WHAT THE TASK REQUIRES: Reproduce every line of the listing as written, apart from the pictures.

SUPPLIED INFORMATION:

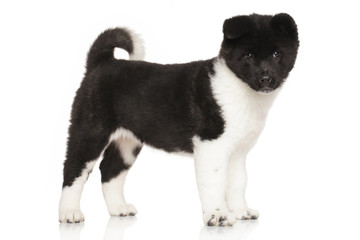 American Akita puppy in front of white background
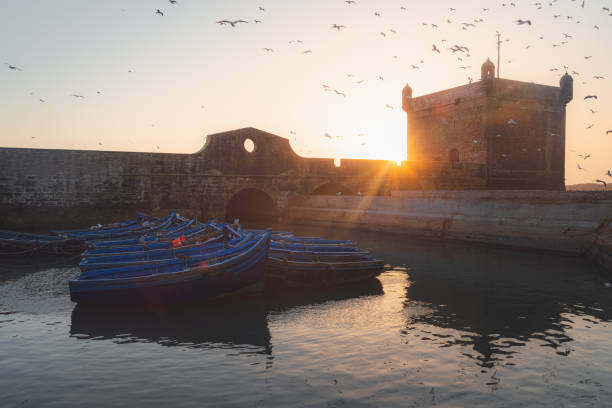 A clear evening portside at Scala Habour in the historic Essaouira Citadel with flocks of seagulls filling the sky.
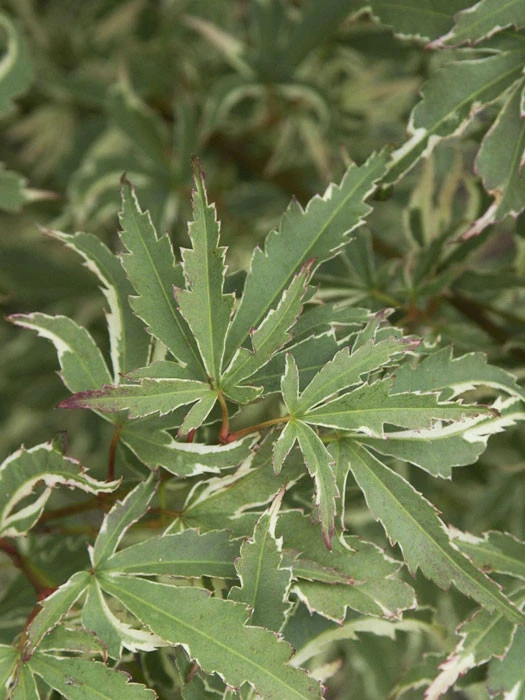 Acer Palmatum 'Butterfly', Japanischer Schmetterlingsahorn 1 Acer Palmatum 'Butterfly', Japanischer Schmetterlingsahorn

ANSWER FOR THE TASK:
 American Akita puppy in front of white background
 A clear evening portside at Scala Habour in the historic Essaouira Citadel with flocks of seagulls filling the sky.
 Acer Palmatum 'Butterfly', Japanischer Schmetterlingsahorn 1 Acer Palmatum 'Butterfly', Japanischer Schmetterlingsahorn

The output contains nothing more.